===== The data =====

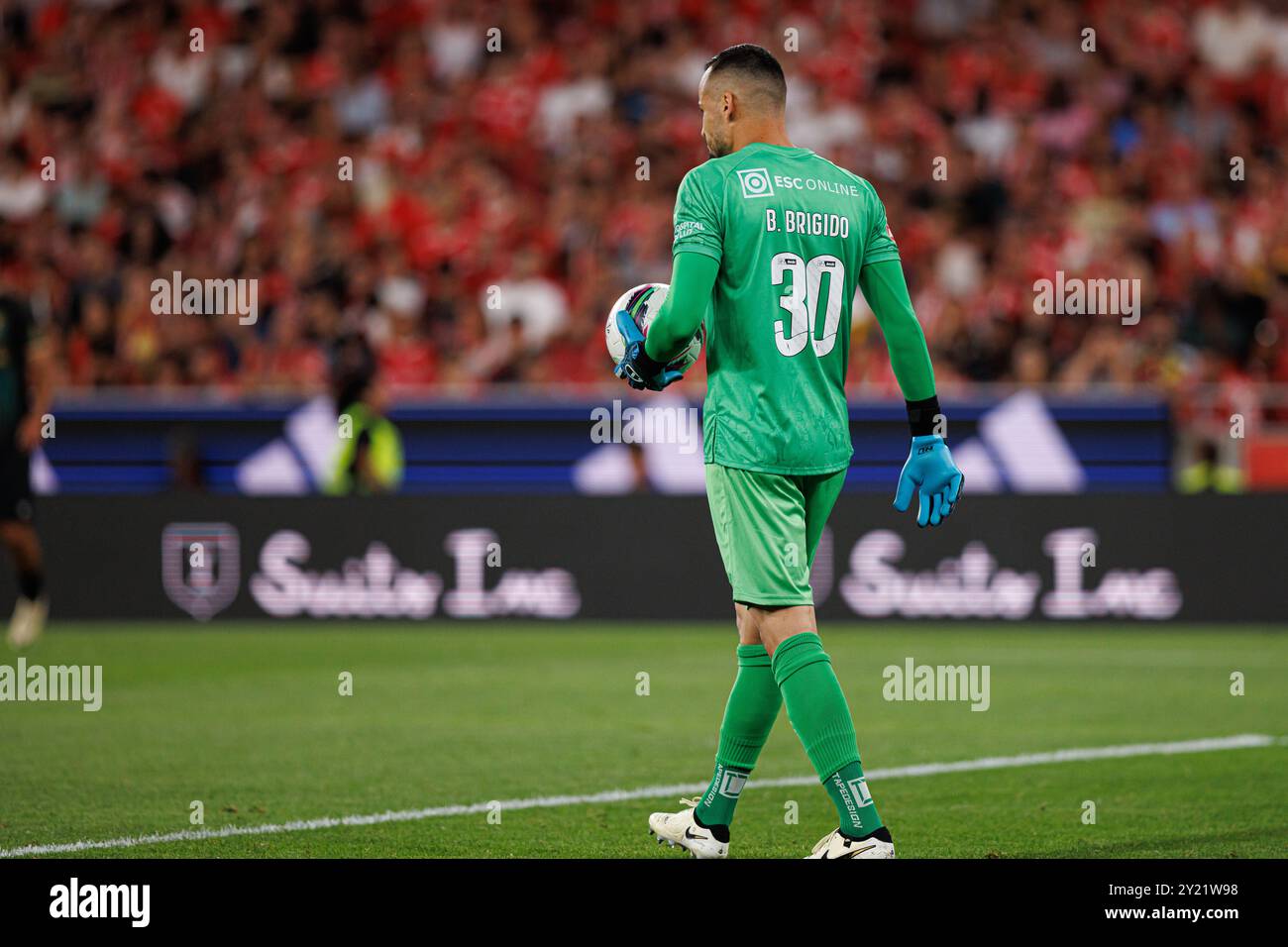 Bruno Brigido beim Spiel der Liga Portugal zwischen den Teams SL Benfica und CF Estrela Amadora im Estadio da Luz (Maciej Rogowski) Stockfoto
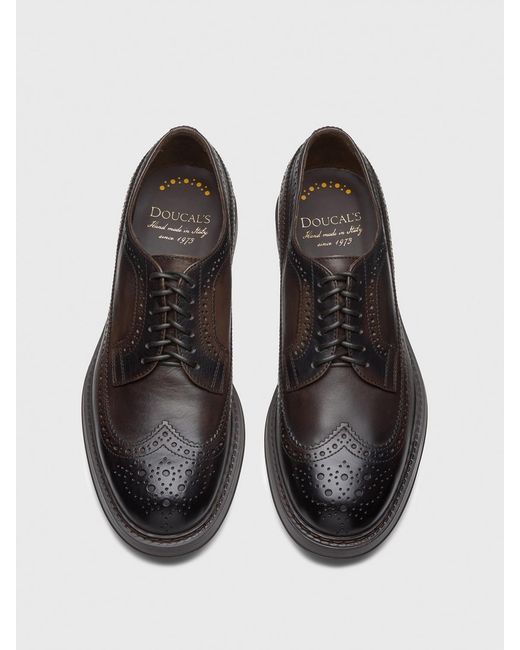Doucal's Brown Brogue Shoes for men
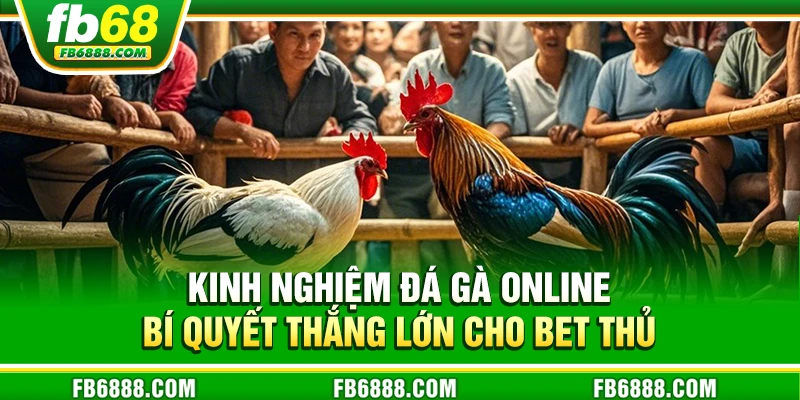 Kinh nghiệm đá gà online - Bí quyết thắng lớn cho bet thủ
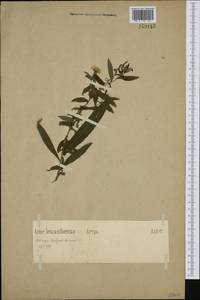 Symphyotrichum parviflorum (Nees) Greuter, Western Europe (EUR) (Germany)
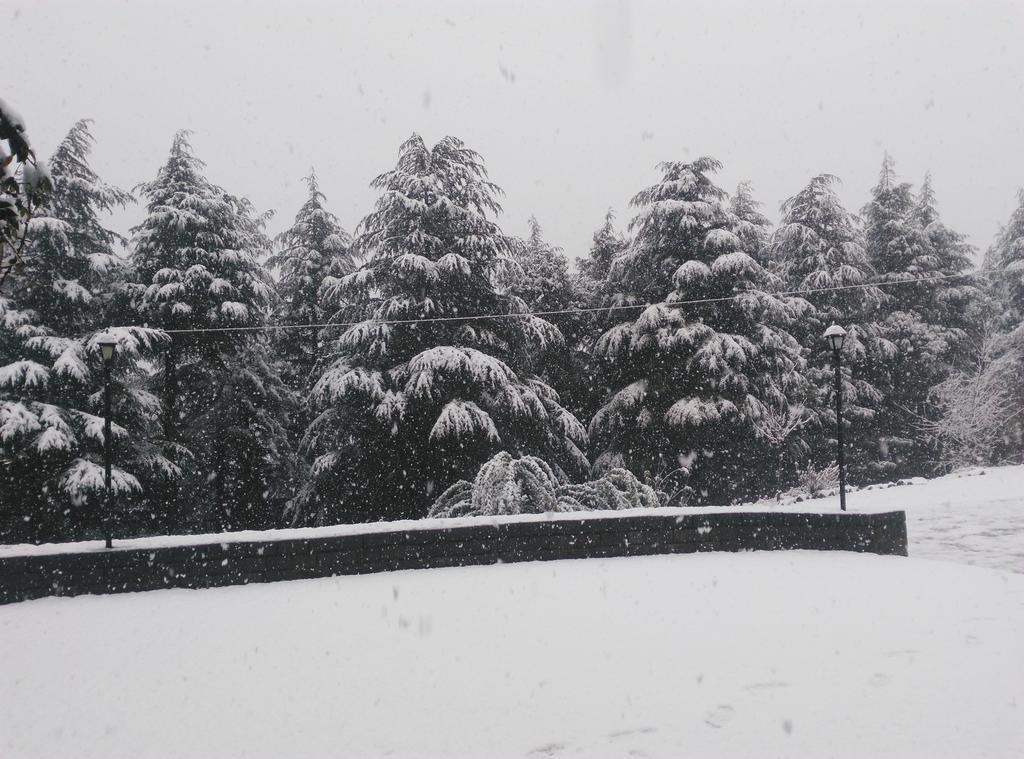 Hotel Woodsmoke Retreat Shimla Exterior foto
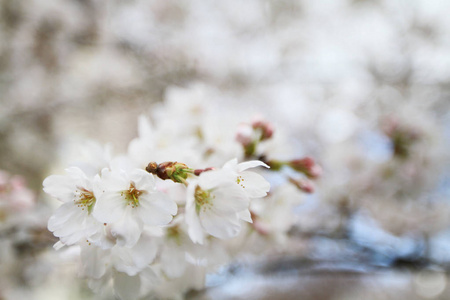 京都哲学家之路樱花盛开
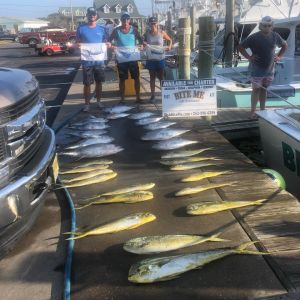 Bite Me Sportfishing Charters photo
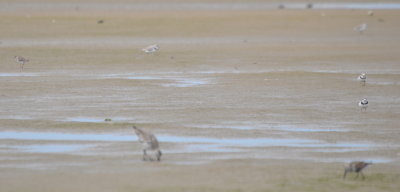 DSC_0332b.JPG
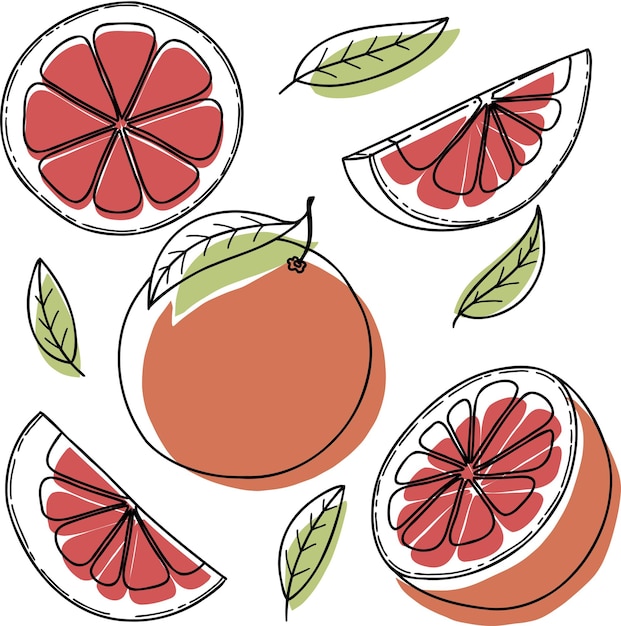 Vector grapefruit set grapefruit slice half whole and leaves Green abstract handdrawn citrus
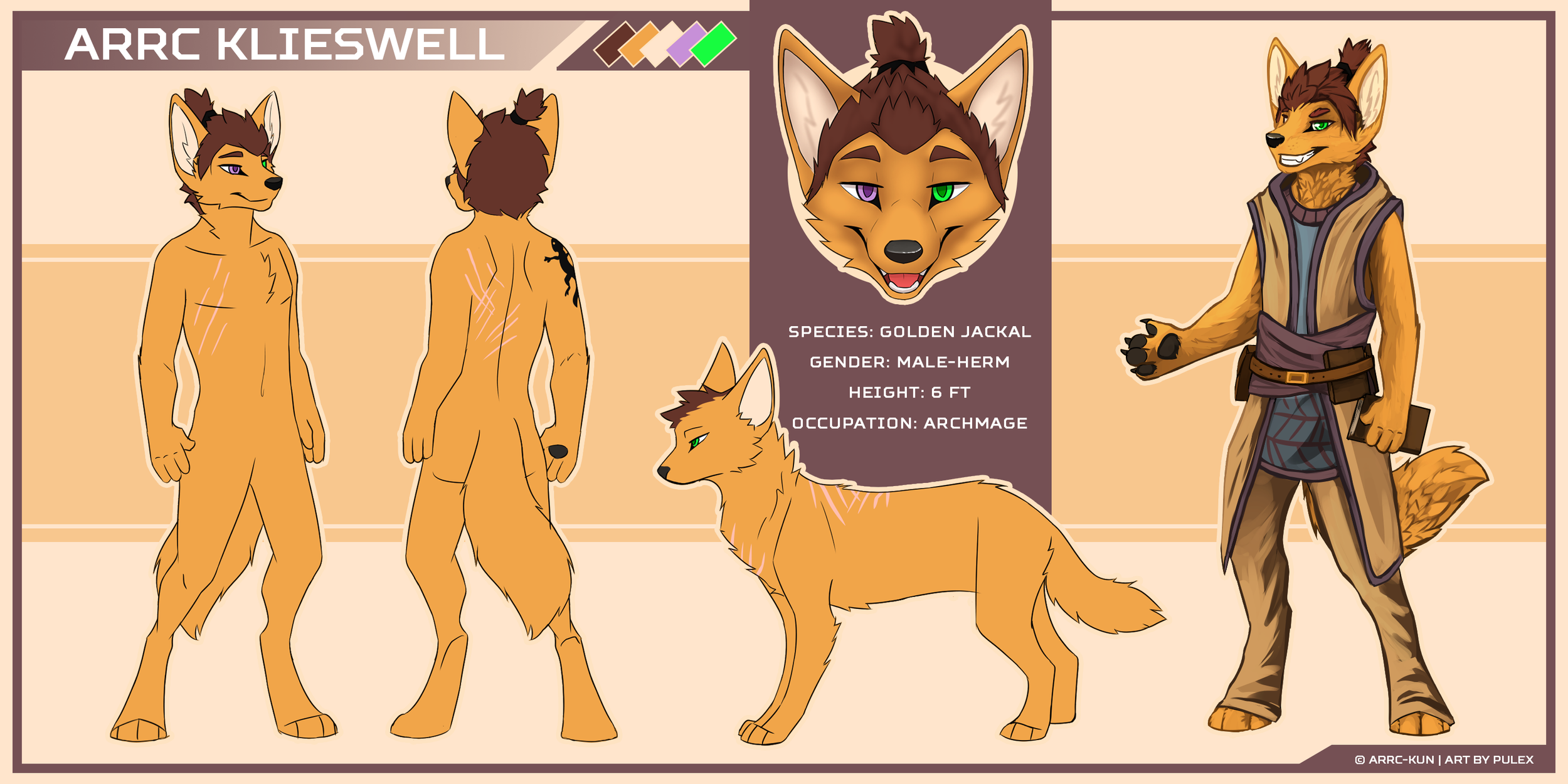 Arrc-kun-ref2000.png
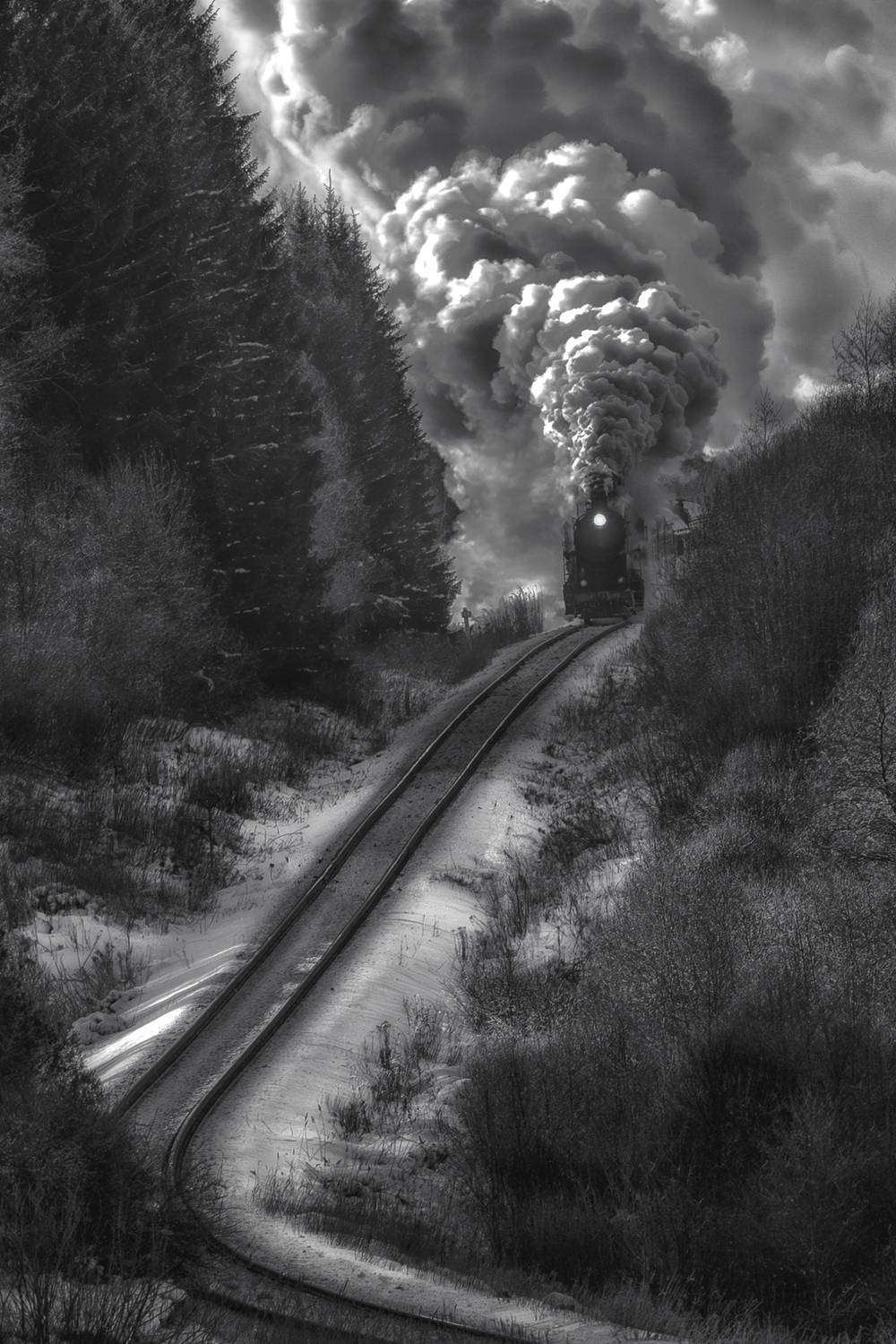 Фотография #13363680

=====

From the line that contains "京都哲学家之路樱花盛开" to the last line of the data, print each line exactly, both ends included, and omit the pictures.

**Solution to this task**
 京都哲学家之路樱花盛开
 Bite Me Sportfishing Charters photo
 DSC_0332b.JPG
 Vector grapefruit set grapefruit slice half whole and leaves Green abstract handdrawn citrus
 Arrc-kun-ref2000.png
 Фотография #13363680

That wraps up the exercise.